Finding Duplicates in 1.1M BDD Steps: cukereuse, a Paraphrase-Robust Static Detector for Cucumber and Gherkin

from arxiv, 39 pages, 9 figures, 8 tables. Under review at Software Quality Journal. Tool, corpus, labelled benchmark, and rubric released at https://github.com/amughalbscs16/cukereuse-release under Apache-2.0

Behaviour-Driven Development (BDD) suites accumulate step-text duplication whose maintenance cost is established in prior work.

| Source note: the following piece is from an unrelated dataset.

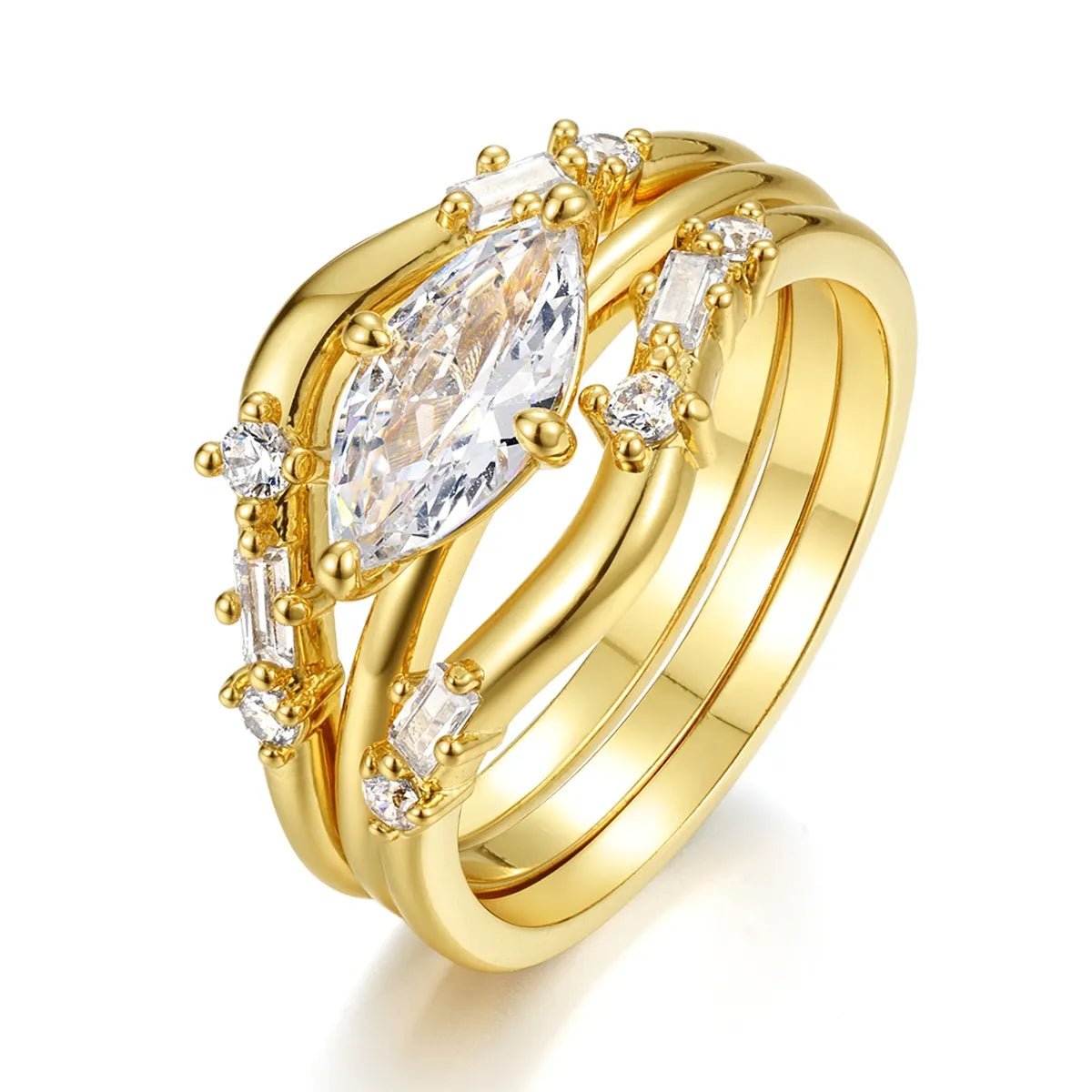 1 Carat Moissanite 925 Sterling Silver 3pcs Ring Set - Coolpeacock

Existing detection techniques require running the tests (Binamungu et al., 2018-2023) or are confined to a single organisation (Irshad et al., 2020-2022), leaving a gap: a purely static, paraphrase-robust, step-level detector usable on any repository. We fill the gap with cukereuse, an open-source Python CLI combining exact hashing, Levenshtein ratio, and sentence-transformer embeddings in a layered pipeline, released alongside an empirical corpus of 347 public GitHub repositories, 23,667 parsed .feature files, and 1,113,616 Gherkin steps. The step-weighted exact-duplicate rate is 80.2 %; the median-repository rate is 58.6 % (Spearman rho = 0.51 with size). The top hybrid cluster groups 20.7k occurrences across 2.2k files. Against 1,020 pairs manually labelled by the three authors under a released rubric (inter-annotator Fleiss' kappa = 0.84 on a 60-pair overlap), we report precision, recall, and F1 with bootstrap 95 % CIs under two protocols: the primary rubric and a score-free second-pass relabelling. The strongest honest pair-level number is near-exact at F1 = 0.822 on score-free labels; the primary-rubric semantic F1 = 0.906 is inflated by a stratification artefact that pins recall at 1.000. Lexical baselines (SourcererCC-style, NiCad-style) reach primary F1 = 0.761 and 0.799. The paper also presents a CDN-structured critique of Gherkin (Cognitive Dimensions of Notations); eight of fourteen dimensions are rated problematic or unsupported. The tool, corpus, labelled pairs, rubric, and pipeline are released under permissive licences.

翻译：行为驱动开发（BDD）套件中积累的步骤文本重复，其维护成本已在先前工作中得到确认。现有检测技术需要运行测试（Binamungu等，2018-2023）或局限于单一组织（Irshad等，2020-2022），存在空白：缺乏一种纯静态、对复述鲁棒、可在任意仓库上使用的步骤级检测器。我们通过cukereuse填补了这一空白——这是一个开源Python命令行工具，采用分层流水线，结合精确哈希、莱文斯坦比率和sentence-transformer嵌入，同时发布了一个包含347个公开GitHub仓库、23,667个解析后的.feature文件以及1,113,616个Gherkin步骤的经验语料库。按步骤加权的精确重复率为80.2%；仓库中位数重复率为58.6%（与规模的相关斯皮尔曼rho=0.51）。最大的混合聚类包含跨越2,200个文件的20,700次出现。针对三位作者根据已发布的评分标准手动标注的1,020对（60对重叠上的标注者间弗莱斯kappa=0.84），我们报告了两种协议下的精确率、召回率和F1值及其bootstrap 95%置信区间：主要评分标准和无分数的第二轮重新标注。在无分数标签下，最可靠的成对级别近似精确F1=0.822；主要评分标准下的语义F1=0.906因分层人为因素而虚高（该因素将召回率固定在1.000）。基于词法的基线方法（SourcererCC风格、NiCad风格）主要F1分别达到0.761和0.799。本文还提出了一项基于符号表示认知维度（CDN）结构的Gherkin批评分析；十四个维度中有八个被评为有问题或缺乏支持。该工具、语料库、标注对、评分标准和流水线均以宽松许可证发布。